What to do
No pictures belong in the copy. Retype exactly, and only, the stretch of lines below from the one with "Large Glass Marker" through the one with "Talens Acrylfarbe 12er Set 12 Tuben à 12 ml".

Exercise data
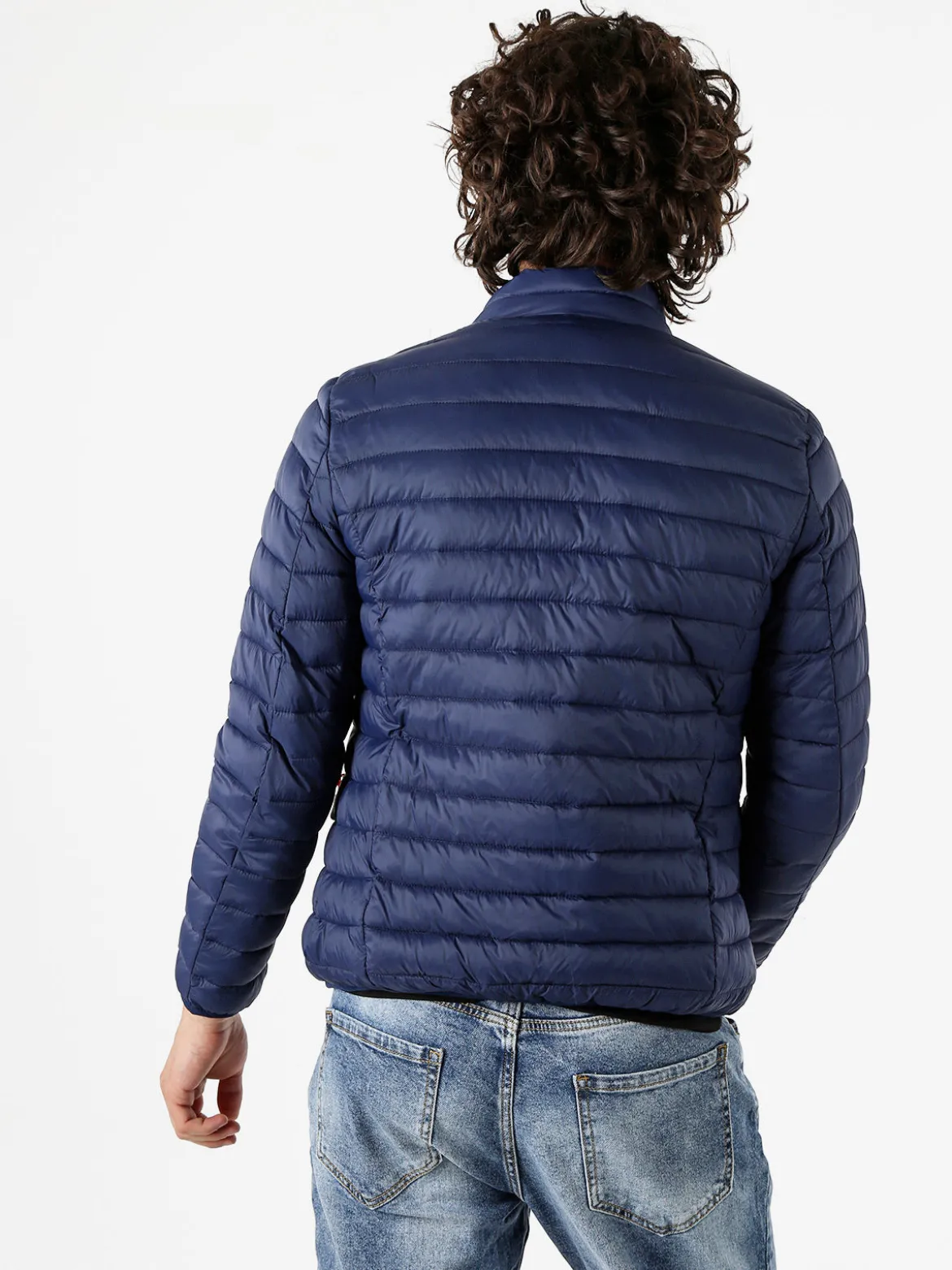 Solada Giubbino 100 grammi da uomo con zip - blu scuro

---

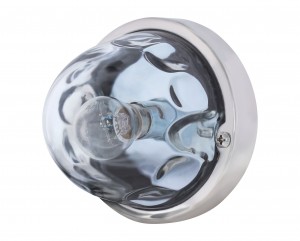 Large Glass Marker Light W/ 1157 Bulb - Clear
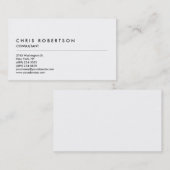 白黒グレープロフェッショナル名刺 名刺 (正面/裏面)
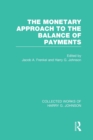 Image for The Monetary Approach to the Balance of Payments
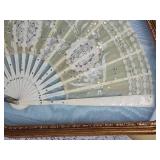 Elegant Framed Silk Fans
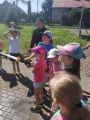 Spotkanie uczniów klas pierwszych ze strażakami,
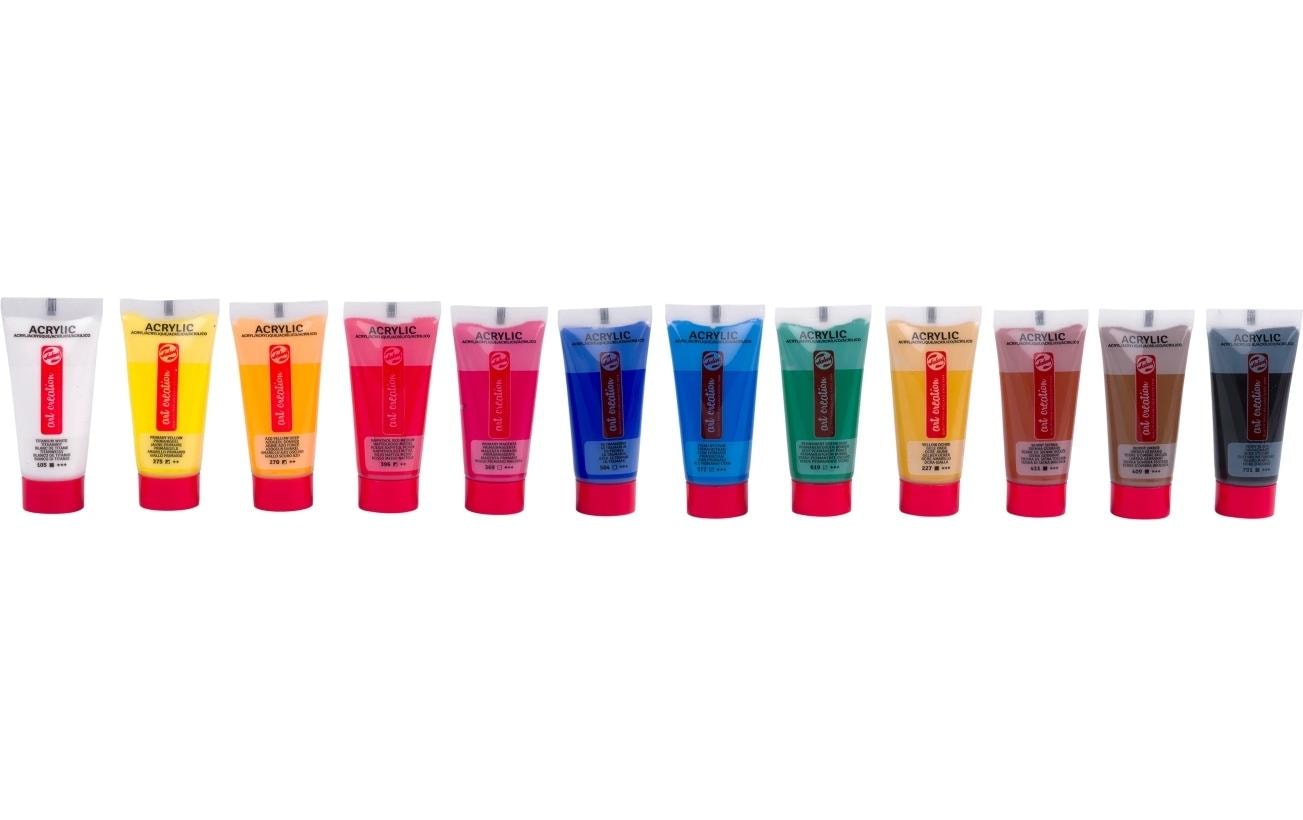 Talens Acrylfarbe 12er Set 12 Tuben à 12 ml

Response
 Large Glass Marker Light W/ 1157 Bulb - Clear
 白黒グレープロフェッショナル名刺 名刺 (正面/裏面)
 Image for The Monetary Approach to the Balance of Payments
 Elegant Framed Silk Fans
 Spotkanie uczniów klas pierwszych ze strażakami,
 Talens Acrylfarbe 12er Set 12 Tuben à 12 ml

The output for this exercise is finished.